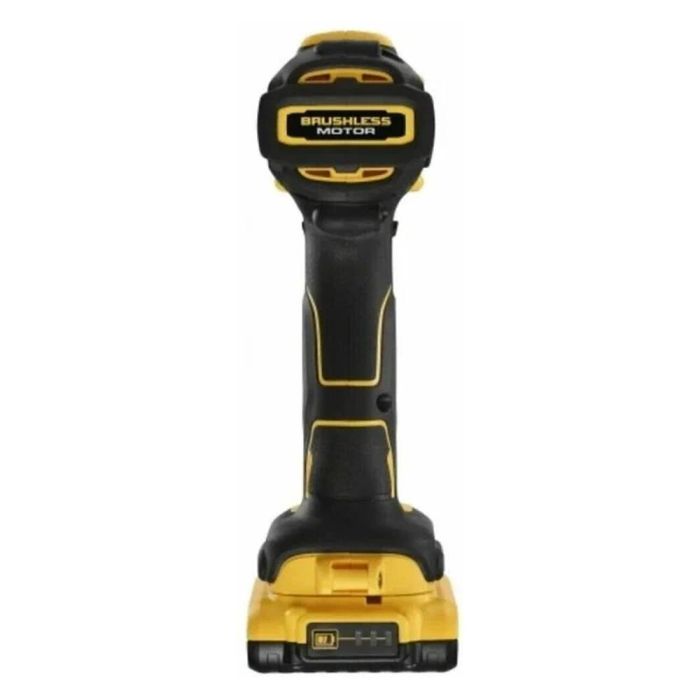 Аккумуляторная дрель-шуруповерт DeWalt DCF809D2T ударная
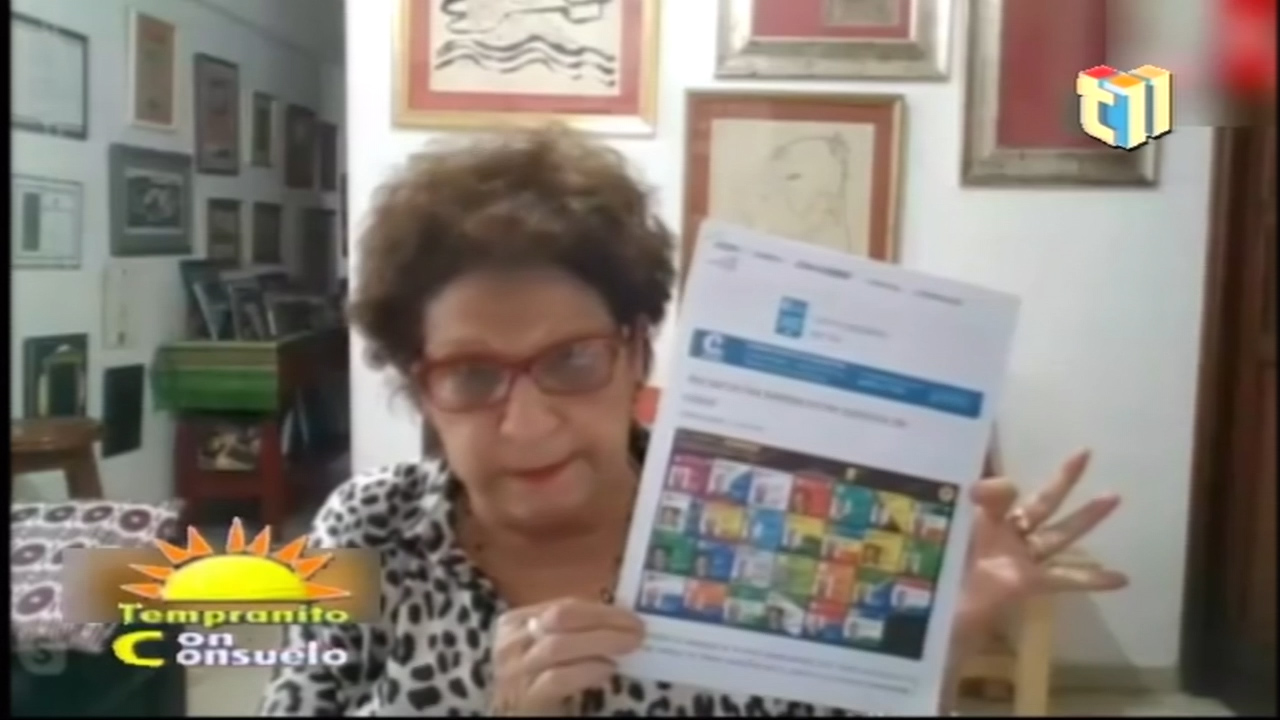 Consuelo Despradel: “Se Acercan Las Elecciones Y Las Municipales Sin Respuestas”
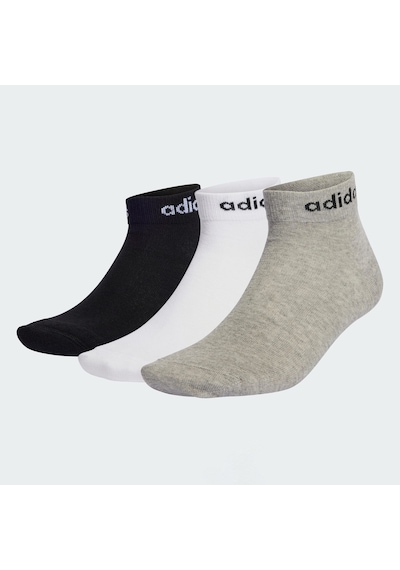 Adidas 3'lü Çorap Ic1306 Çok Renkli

------------------------------

** Brief **
Write the data out again word for word; leave the pictures behind.

** Final answer **
 Аккумуляторная дрель-шуруповерт DeWalt DCF809D2T ударная
 Consuelo Despradel: “Se Acercan Las Elecciones Y Las Municipales Sin Respuestas”
 Adidas 3'lü Çorap Ic1306 Çok Renkli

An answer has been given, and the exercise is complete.